While avoiding the grocery store when you’re hungry is one oft-used trick to keep the hot-cold empathy gap at bay, health delivery offers ample opportunities to use  this cognitive quirk to promote better health.  There is no hotter moment than an acute MI. Patients are terrified, and in the immediate aftermath, they will tell you that they have decided to change their lives.  This is precisely why widespread quality measures now take advantage of this “teaching moment” to initiate medications like statins right then, rather than later in the outpatient setting. If you start a statin prior to discharge your patients are more likely to actually keep taking it.   And they are more likely to be alive one year later.  The change began while they were hot.

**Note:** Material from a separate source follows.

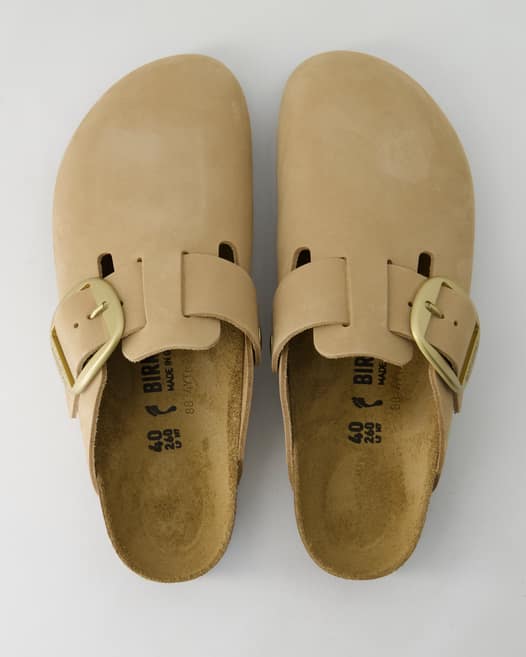 Birkenstock Boston Big Buckle Pantoletten in Beige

All the women entered the PAIR study because they wanted IUDs when they presented for abortion. So what happened to the women in the delayed-group who went home with scheduled follow up appointments for their IUDs? Hot versus cold, again.

Of the 6.4 million pregnancies that occur in just the US each year, 49% are unintended.[ii] Mathematical modeling suggests that more than 70,000 unintended pregnancies could be avoided each year if we switched from delayed to immediate IUD insertion. World-wide adaptation could prevent hundreds of thousands more.  Thanks to this study, we now know this strategy is safe. The beauty of good science is that it fires you up just enough to take advantage of cold, hard facts.

[i] Lowenstein, G. “Hot-Cold Empathy Gap and Medical Decision Making.” Health Psychology 2005. Vol 24. No 4(Suppl).S49-256

[ii] Finer LB, Henshaw, SK. Disparities in Rates of Unintended Pregnancy in the United States, 1994 and 2001 Perspectives on Sexual Reproductive Health, 2006:38:90–96.